- _Required work_:
The result should be the lines from the one that contains "Nillkin Super Frosted" to the final line of the entries below, copied exactly and with no pictures.

- _Materials provided_:
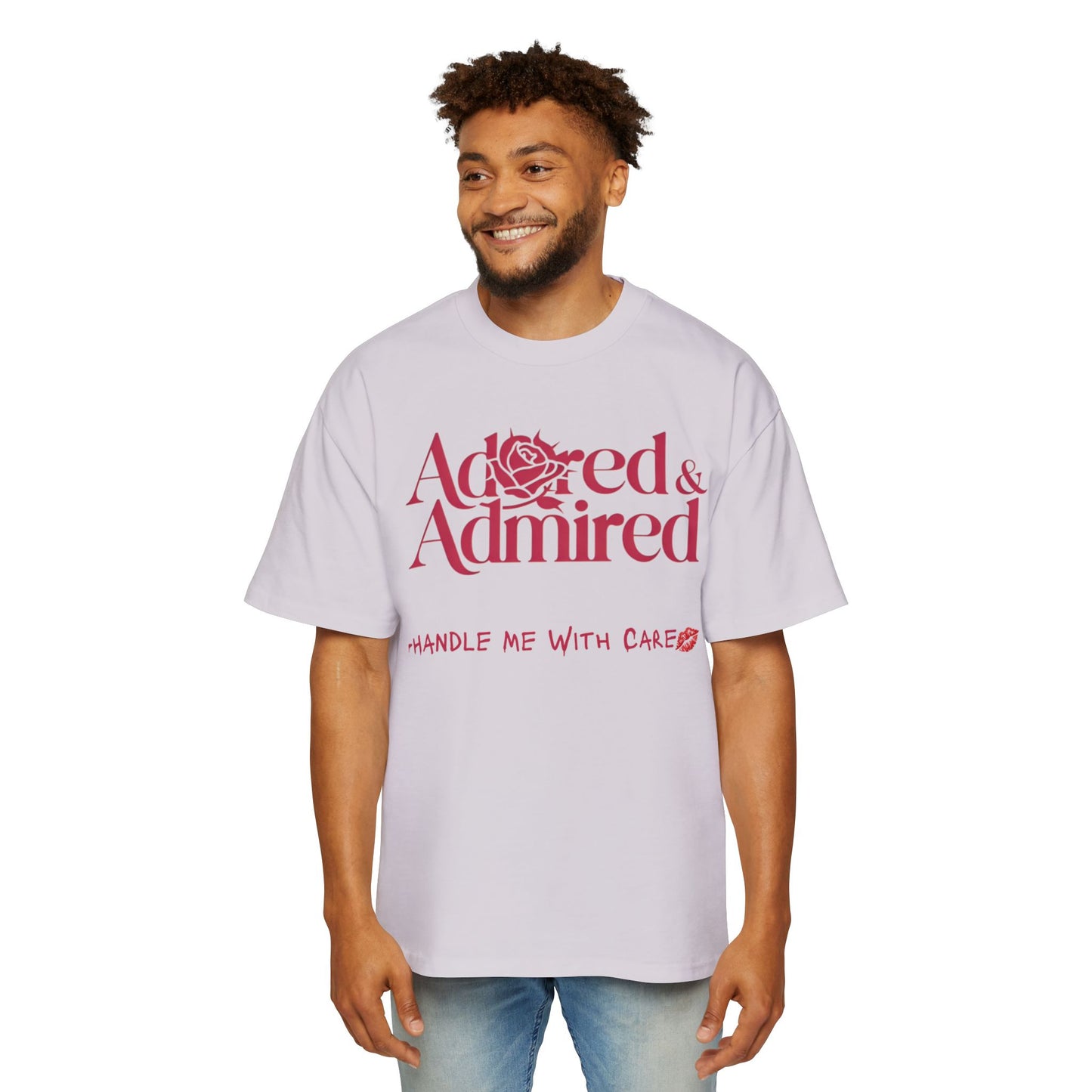 With Care Tee -Pink-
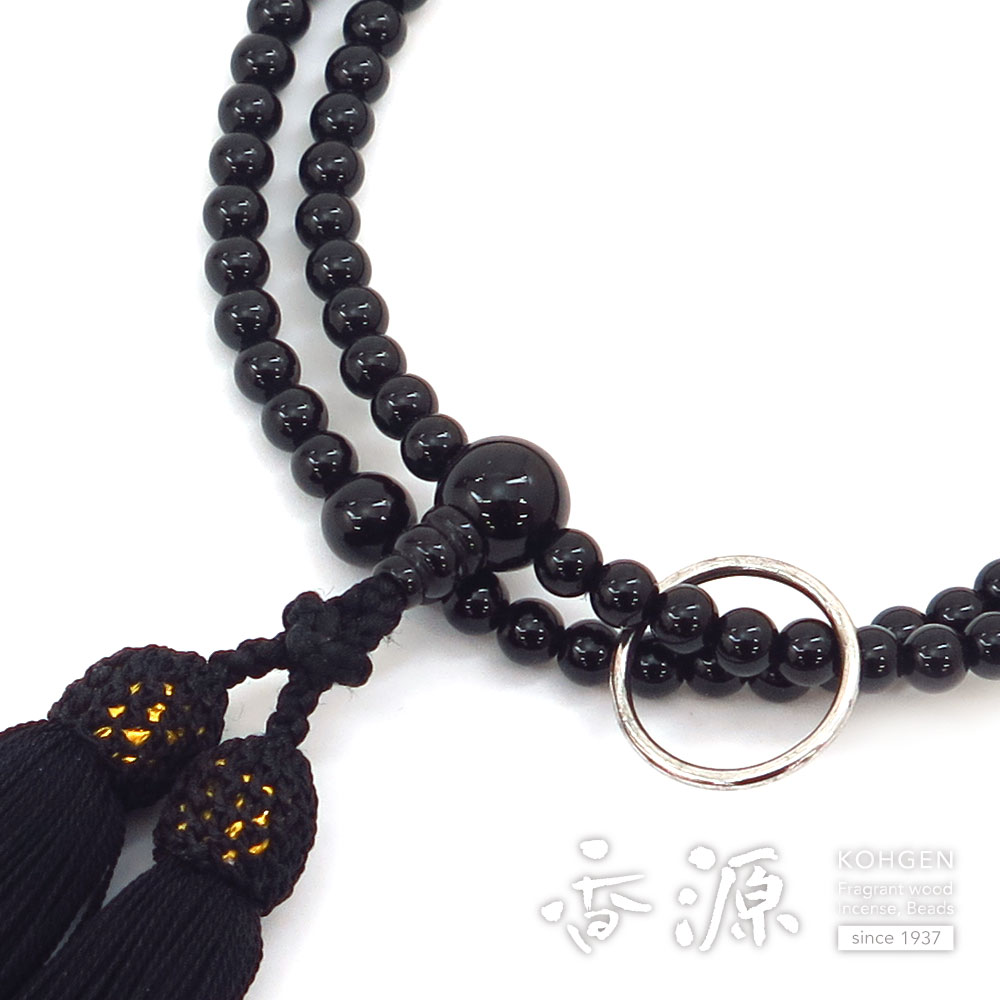 女性用の数珠 ブラックオニキス 8寸 曹洞宗 共仕立て｜ojuzu｜06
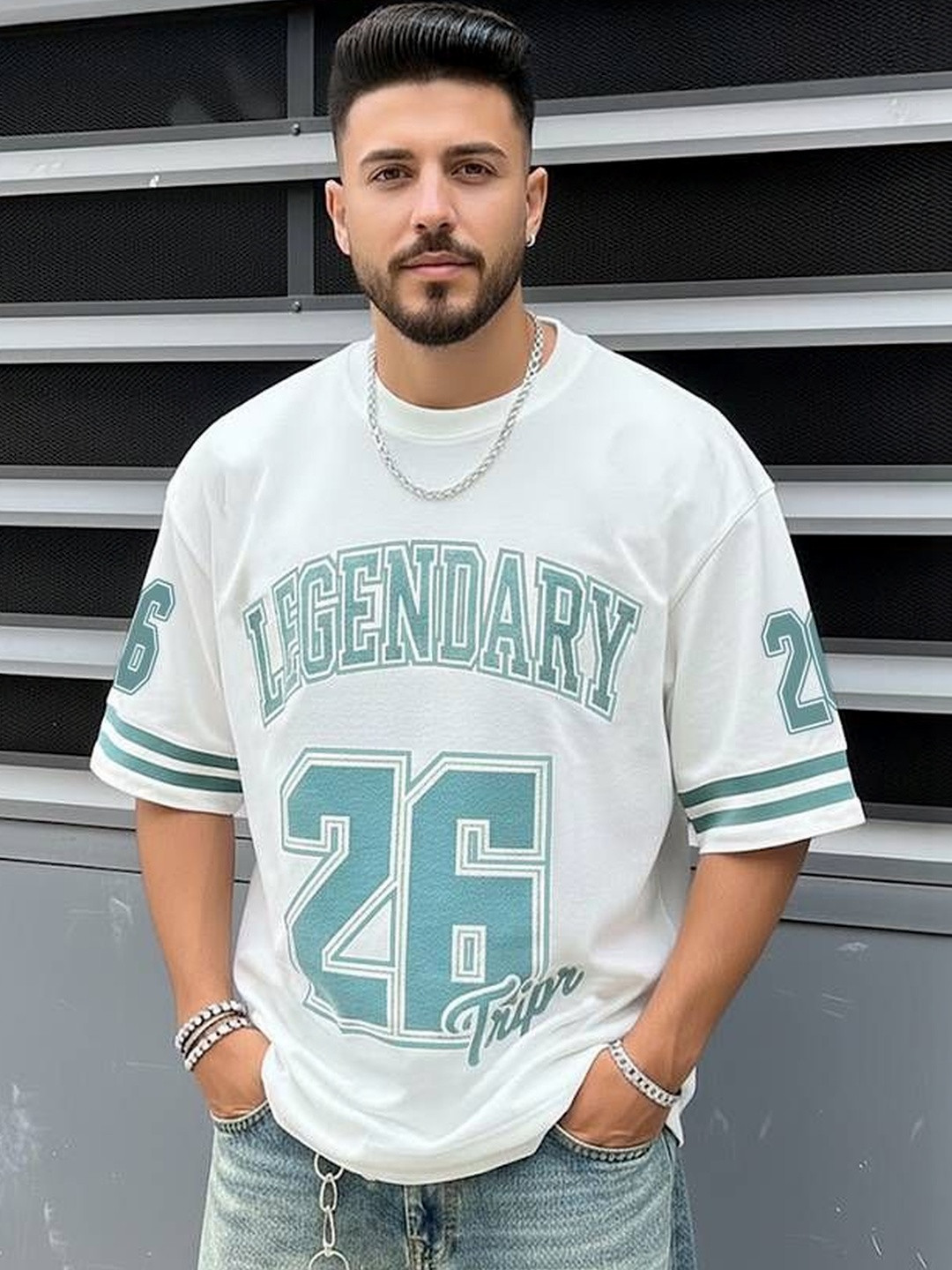TRIPR Men Varsity 2 Printed T-shirt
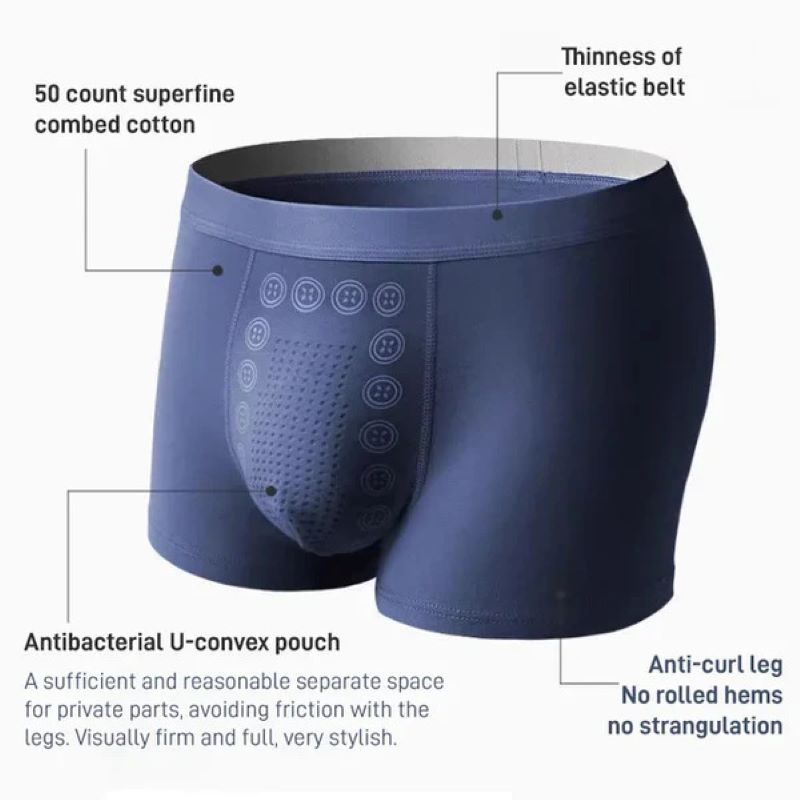 Emeja | Heren Magnetische Massage Ondergoed | Ondersteunend Comfort Ontwerp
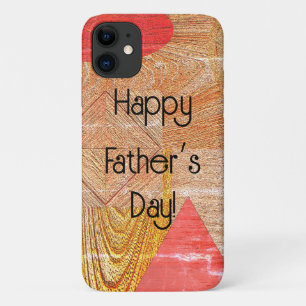 Wood - geometric shapes  - Father’s day Case-Mate iPhone Case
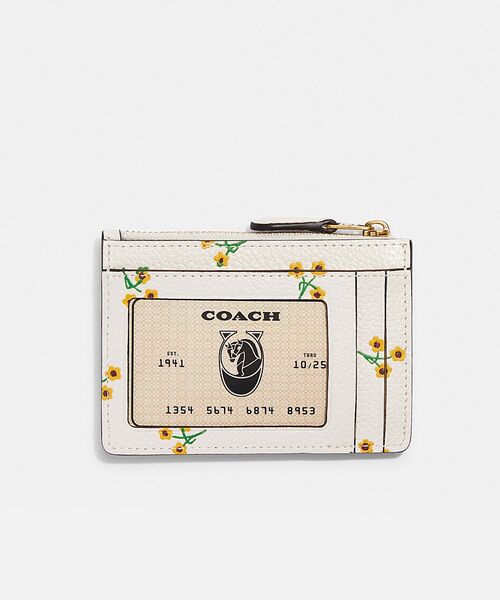 COACH(コーチ)の「ミニ スキニー ID ケース ウィズ フローラル COACH(コーチ)の「ミニ スキニー ID ケース ウィズ フローラル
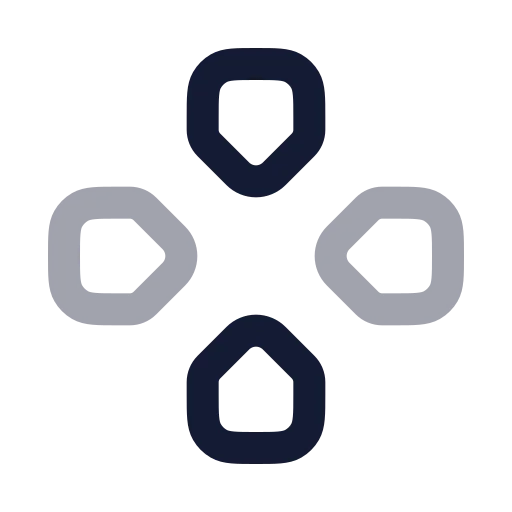 Gamepad Directional Icon in Twotone Rounded style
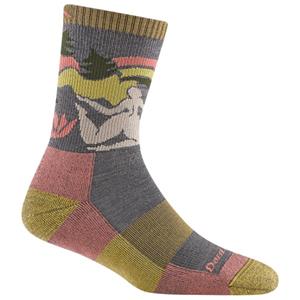 Darn Tough - Women's Trailblazer Micro Crew Lightw. w. Cushion - Wandelsokken, grijs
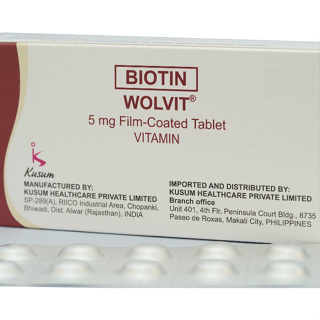 WOLVIT Biotin 5mg 1 Film-Coated Tablet #3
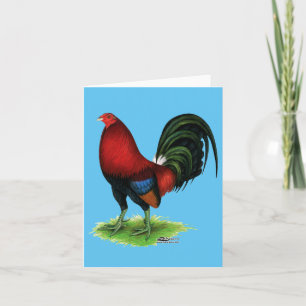 Gamecock: Dark Red Holiday Card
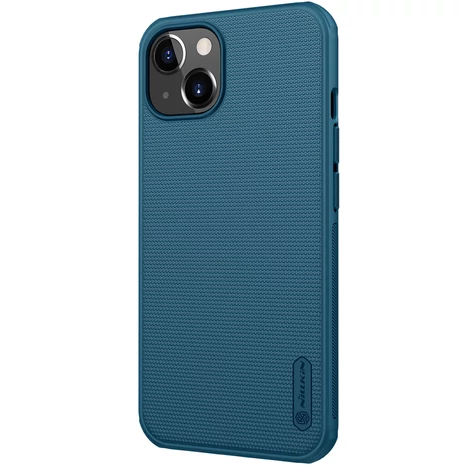 Nillkin Super Frosted Shield Case + kickstand for iPhone 13 blue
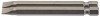 6.5mm 1/4\" Hex. Plain Slot Insert Bit 75mm Long x 2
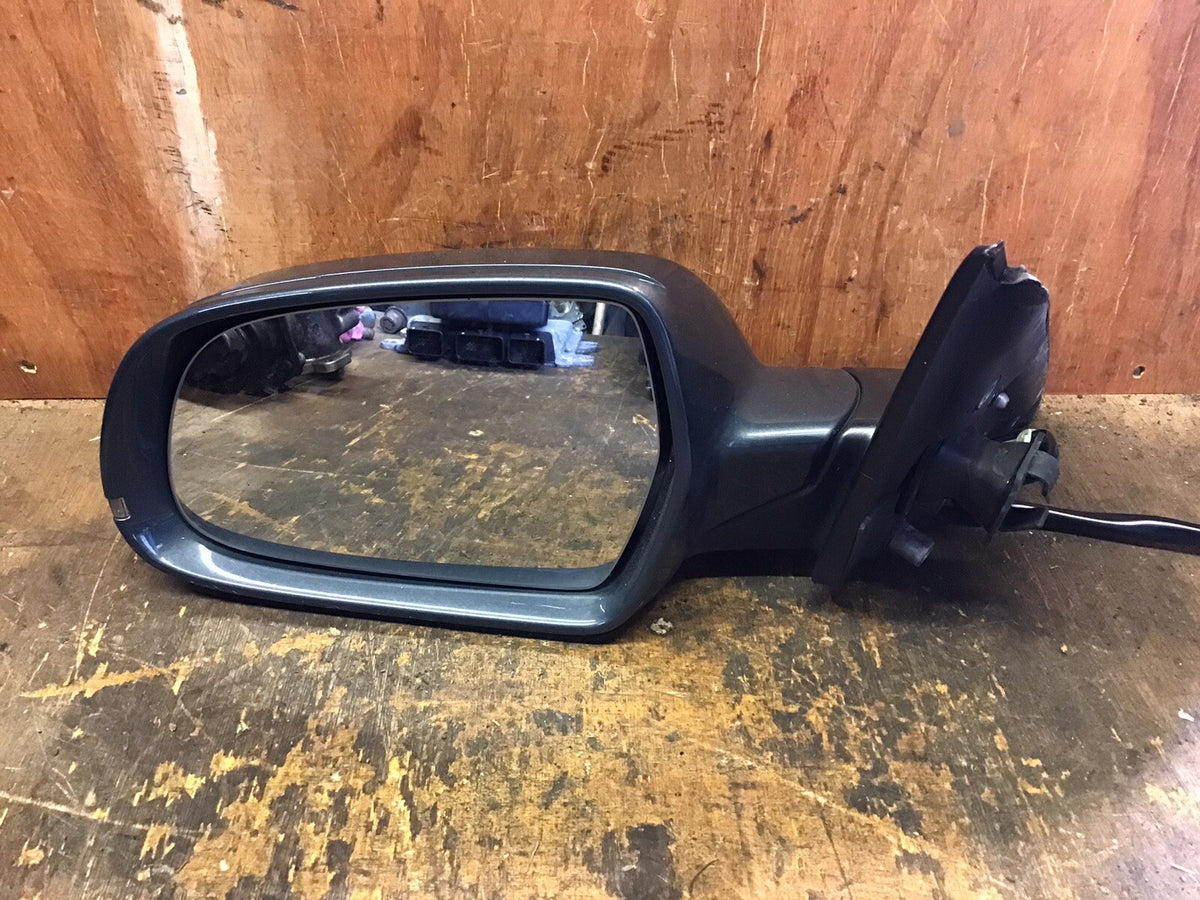 AUDI A4 B8 ESTATE PASSENGER SIDE N/S DOOR MIRROR METEOR GRAY METALLIC LZ7H 08 156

- _Written solution_:
 Nillkin Super Frosted Shield Case + kickstand for iPhone 13 blue
 6.5mm 1/4\" Hex. Plain Slot Insert Bit 75mm Long x 2
 AUDI A4 B8 ESTATE PASSENGER SIDE N/S DOOR MIRROR METEOR GRAY METALLIC LZ7H 08 156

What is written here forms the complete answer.